Segment Start: Input records

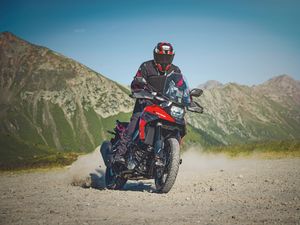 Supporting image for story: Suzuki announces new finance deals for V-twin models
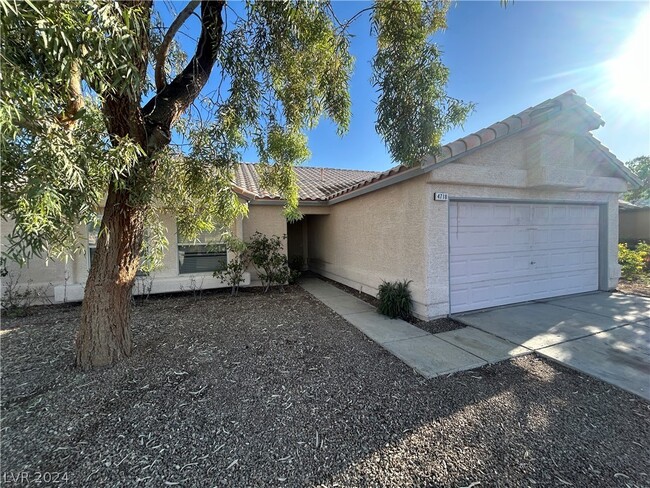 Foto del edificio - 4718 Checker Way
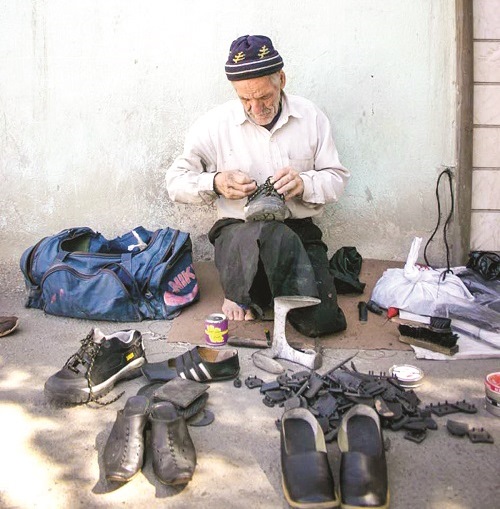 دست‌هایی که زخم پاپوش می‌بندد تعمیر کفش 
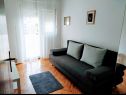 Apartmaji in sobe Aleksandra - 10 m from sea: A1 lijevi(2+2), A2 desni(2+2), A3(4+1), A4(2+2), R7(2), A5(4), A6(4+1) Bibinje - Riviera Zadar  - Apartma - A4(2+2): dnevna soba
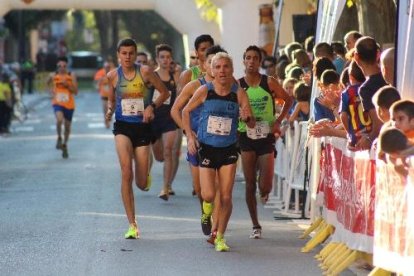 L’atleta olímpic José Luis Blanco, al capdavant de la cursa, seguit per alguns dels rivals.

Segment End: Input records
Segment Start: Input records

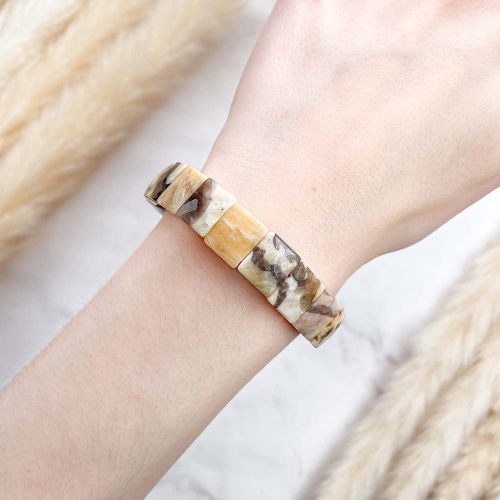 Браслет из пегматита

Segment End: Input records

## What this task involves
In the data above, find the line containing "Supporting image for" and the line containing "L’atleta olímpic José". Copy exactly the stretch from the first through the second, both included, leaving out any picture.

## Written response
 Supporting image for story: Suzuki announces new finance deals for V-twin models
 Foto del edificio - 4718 Checker Way
 دست‌هایی که زخم پاپوش می‌بندد تعمیر کفش 
 Apartmaji in sobe Aleksandra - 10 m from sea: A1 lijevi(2+2), A2 desni(2+2), A3(4+1), A4(2+2), R7(2), A5(4), A6(4+1) Bibinje - Riviera Zadar  - Apartma - A4(2+2): dnevna soba
 L’atleta olímpic José Luis Blanco, al capdavant de la cursa, seguit per alguns dels rivals.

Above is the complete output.